Murrebuè, un puntino minuscolo in mezzo al nulla, dall’alto si vedono solo palme e spiaggia. Nient’altro. Solo il blu del mare, il giallo della spiaggia intervallato qua e là da qualche puntino di verde. Così mi era apparso su Google Maps la prima volta che l’avevo cercato, mossa dalla curiosità.
È in questo angolo di natura selvaggia, completamente fuori dalla civiltà, che mi ha portato il mio viaggio nel nord del Mozambico. Un paese immenso, sterminato e in gran parte dominato da una natura inviolata, un paese dove il turismo di massa non è ancora arrivato (e dove spero non arrivi mai, anche se la vedo dura), dove la lingua portoghese che si incontra con l’africanità rende tutto più dolce, più familiare.
Il Mozambico è un’Africa diversa, molto affascinante. È un’Africa che non ti sembra Africa.
Lasciamo alle nostre spalle Pemba, che, anche se capitale della provincia di Cabo Delgado e principale punto d’appoggio del Mozambico del nord (c’è anche l’aeroporto, meta obbligata per chi vuole andare alle Quirimbas), non è molto di più che una sonnacchiosa località di mare. Spiagge, qualche ristorante, qualche diving center, qualche bottega in cui acquistare oggetti di artigianato locale. Nulla di più.
Il nostro tassista abbandona la strada principale, l’unica asfaltata, e ben presto ci troviamo a percorrere delle strade brulle, sconnesse, irrimediabilmente dissestate. Forse era meglio un 4×4? Il tassista saprà dove stiamo andando? Ma soprattutto: dove stiamo andando? Sono tante le domande che di frullano in testa in quel momento, l’emozione è forte.
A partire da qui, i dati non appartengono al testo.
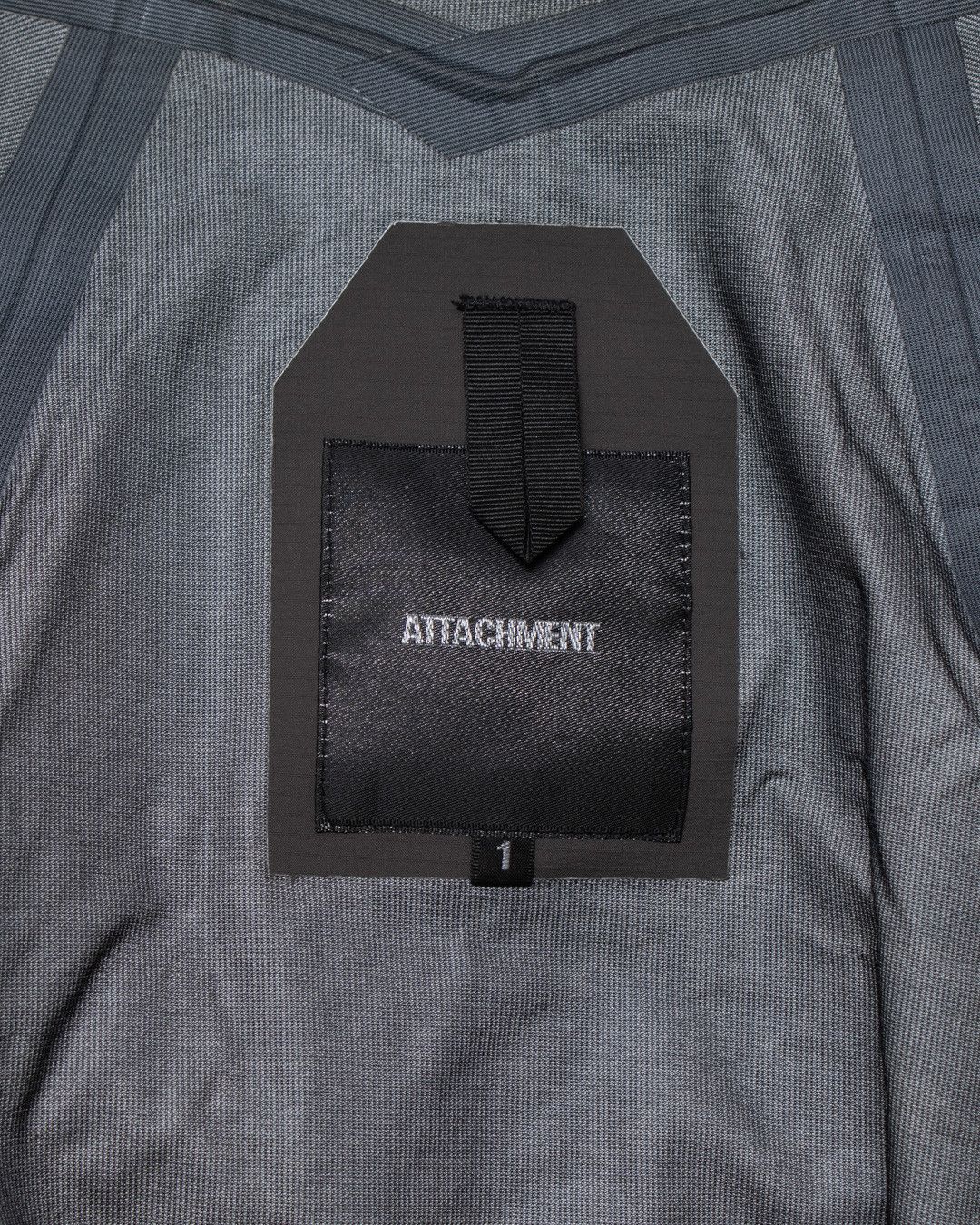Attachment Attachment Soft Shell Track Jacke Size US S / EU 44-46 / 1 - 9 Thumbnail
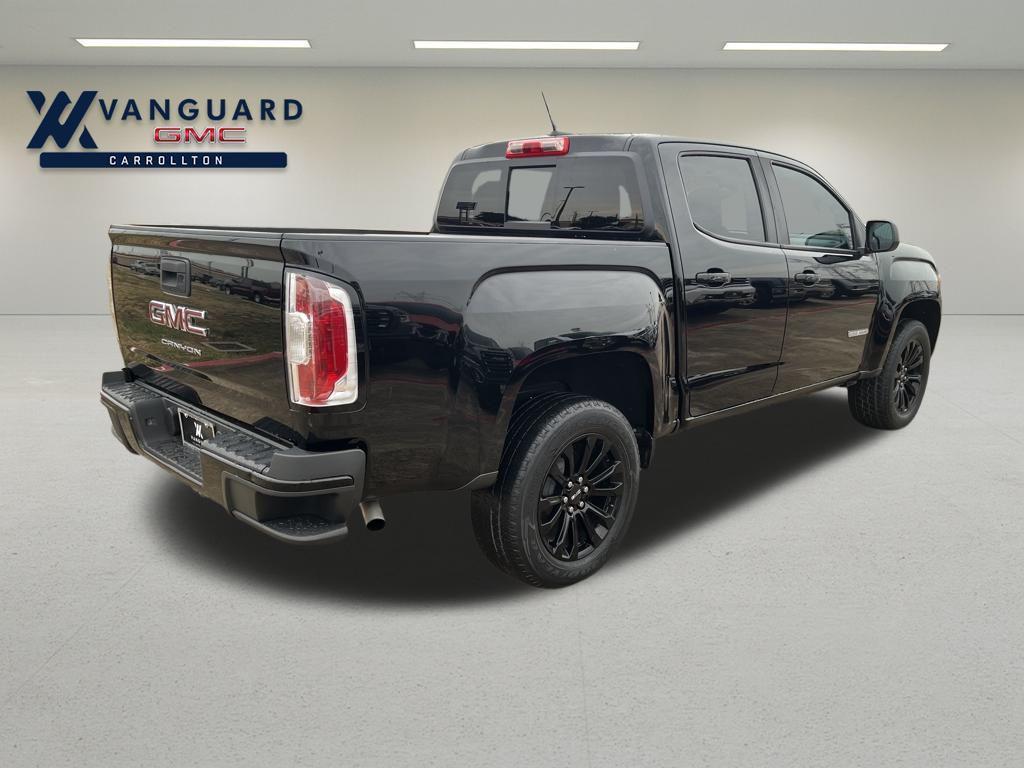 used 2021 GMC Canyon car, priced at $19,787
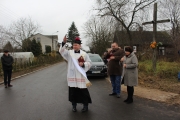 Otwarcie drogi powiatowej Sokołów Podlaski - Włodki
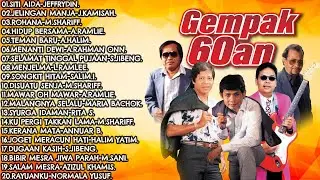 [TIADA IKLAN]GEMPAK 60AN POP YEH YEH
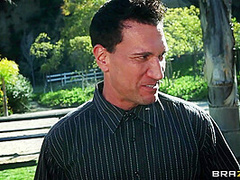 A Sluttier Future For All With Marco Banderas, Ashton Pierce, Bonnie Rotten - Brazzers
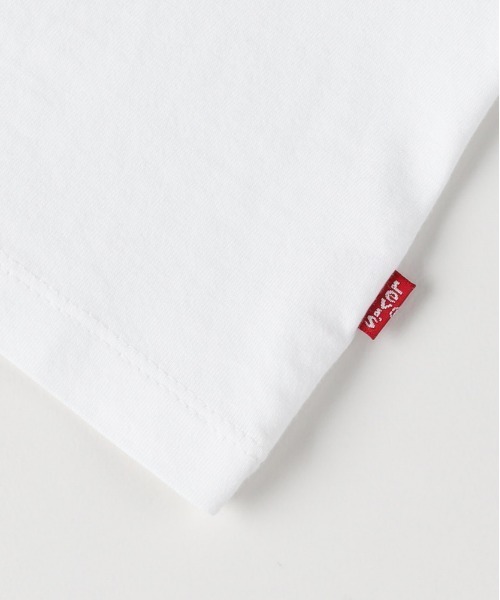 Levi's(リーバイス)の「Levi's(リーバイス)グラフィックTシャツ(Tシャツ/カットソー・メンズ・ホワイト・L/M/S)」の7枚目の写真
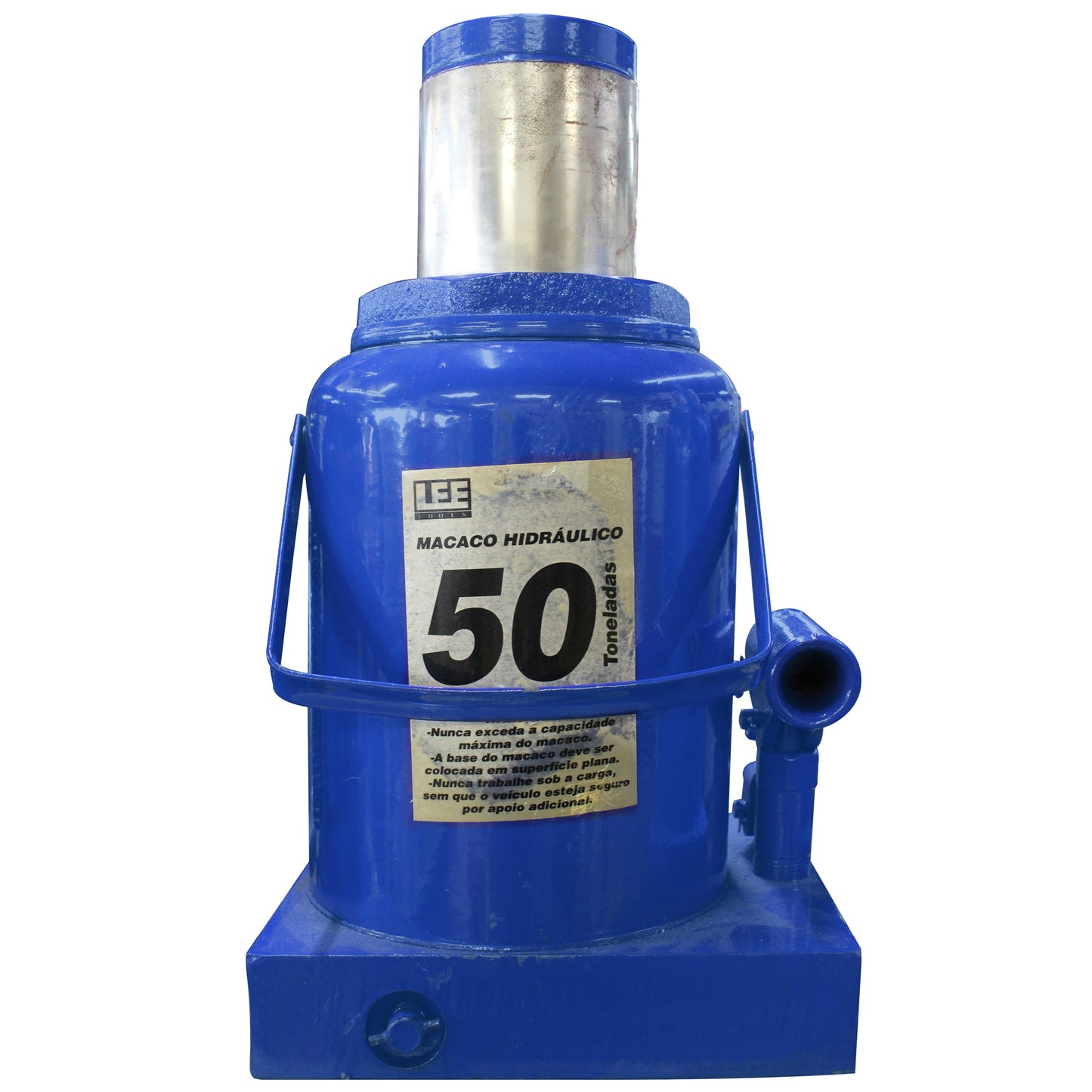 50-Ton Hydrolci Bottle Jack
Stiamo andando verso un posto unico, me lo sento.
La strada ben presto non esiste più, cede il passo solo a solchi sabbiosi e palme. Dritto davanti a noi una mandria di smilze mucche che ci guardano perplesse. Ok, siamo ufficialmente usciti dalla civiltà. In un mix di inglese (che il tassista parla a malapena), portoghese (di cui mastichiamo solo qualche parola) e italiano, cerchiamo di capire se sta dove stiamo andando. Lui ci rassicura. La strada in effetti è quella giusta. Poco più avanti un cartello (o meglio una scultura in legno decorata con conchiglie) indica il nostro lodge. Ci siamo quasi.
Che posto fantastico il nostro lodge. Una manciata di bungalow in paglia, proprio davanti all’oceano, tra palme altissime e vegetazione tropicale. Qui ci vivono Emma e George, una coppia francese che ha creato – è proprio il caso di dire “dal nulla” – e gestisce questo eco-lodge semplice ma meraviglioso, in perfetta sintonia con l’ambiente che lo ospita.
Siamo gli unici ospiti.
Cosa facciamo tre giorni a Murrebuè? Al mattino la marea è incredibilmente bassa. Possiamo camminare per centinaia di metri in direzione del mare aperto. Tra la sabbia bianchissima rigoli di acqua di mare, azzurrissima, qualche conchiglia e ciuffi di alghe tra cui si annidano le stelle marine. Il paesaggio è incredibile, quasi lunare, i contasti di colore sono fortissimi.Mai prima d’ora mi era capitato di trovarmi in un scenario così suggestivo. È struggente.
La mattina, quando la marea è bassa, le donne e i bambini dei villaggi vicini si affaccendano con reti e secchielli per raccogliere i piccoli molluschi che restano intrappolati nella sabbia. Stiamo con loro, scambiamo qualche parola, seguiamo i loro gesti e partecipiamo alla raccolta.
Bastano poche ore e la marea si alza. Il pomeriggio è il momento dell’ozio, della tintarella e di lunghi bagni in acqua. L’acqua calda, caldissima. È una beata goduria stare qui. In lontananza dei pescatori preparano la barca per avventurarsi in mare e dedicarsi alla pesca.
E poi arriva il tramonto, il momento della giornata che preferisco da sempre, ovunque. Gustarselo qui è un piacere all’ennesima potenza. Beviamo vino africano mentre giochiamo a carte nella grande veranda di paglia e aspettiamo la cena. Musica lounge, la brezza del mare, i rossi del tramonto che si tuffano all’orizzonte e danno il cambio alla luna. I granchietti zampettano veloci sulle stuoie a terra, il loro zac-zac-zac sul vimini è piacevolissimo.
Ceniamo a luce di candela e ammiriamo le stelle. Qui, fuori dal mondo, il cielo è di un blu profondo e le stelle sono infinite. Si accendono i rumori della notte. Della notte africana.
Qui siamo fuori da tutto. Non c’è nulla eppure c’è tutto.